This afternoon, I decided to chill with Dr. Phil. The episode today was about people who need to get a job and move out.
In one case, the young couple were living with her parents after he’d been fired from his job as a prison guard–for smuggling drugs to inmates. Now he’s not working at all because with his record he can’t get a “good” job and he thinks that working at a minimum wage job is beneath him.
To begin with, one has to wonder if anything is really beneath him since it’s kind of his own fault that he got in this strait.
I understand someone holding out for a job they’re better qualified for when they have a financial cushion. When my dad lost his job about 10 years ago, he got a good severance package (1 year’s pay) and thus had time to look for another job. Fortunately, he worked hard on the job search and did find another position.
On the other hand, if you ran out of savings and couldn’t find a job in your field–would you consider some kind of work beneath you? (besides anything immoral, anyway–scamming and certain sex-related jobs and the like or being a hired killer…yeah, there’s a list but it doesn’t include McDonald’s.)

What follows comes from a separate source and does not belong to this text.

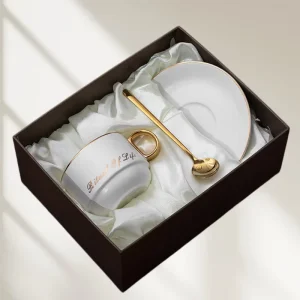 Luxury Coffee Cup Set With Gold Handle Saucer and Spoon Custom Logo Gift Box for Business Client and Festival Gifting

Dr. Phil tried to convince this guy that making $7 or $8 an hour is better than making $0 an hour.
Thoughts about work:
- Any job gives you a chance to practice personal development. You may have heard the story of the Three Stonecutters. You may not be able to be the one who says that he’s building a cathedral, but maybe you can say “I am a stone cutter and I am cutting stones to earn money to support my family.” It’s a start.
- Any job that pays money, well, pays money. Simplistic, but something is better than nothing.
- Having a job is psychologically comforting–not working can take a heavy toll on one’s psyche.
- Superiority or inferiority has much more to do with how you treat people than what you do. There have been some leaders of entire nations who were also, well, Hitler or Stalin or Amin. And I’ve worked under really great people as cleaning staff.
It may be impossible to live and support people on minimum wage. But you have to start somewhere. I don’t think it’s quite fair to say that a certain job is beneath you.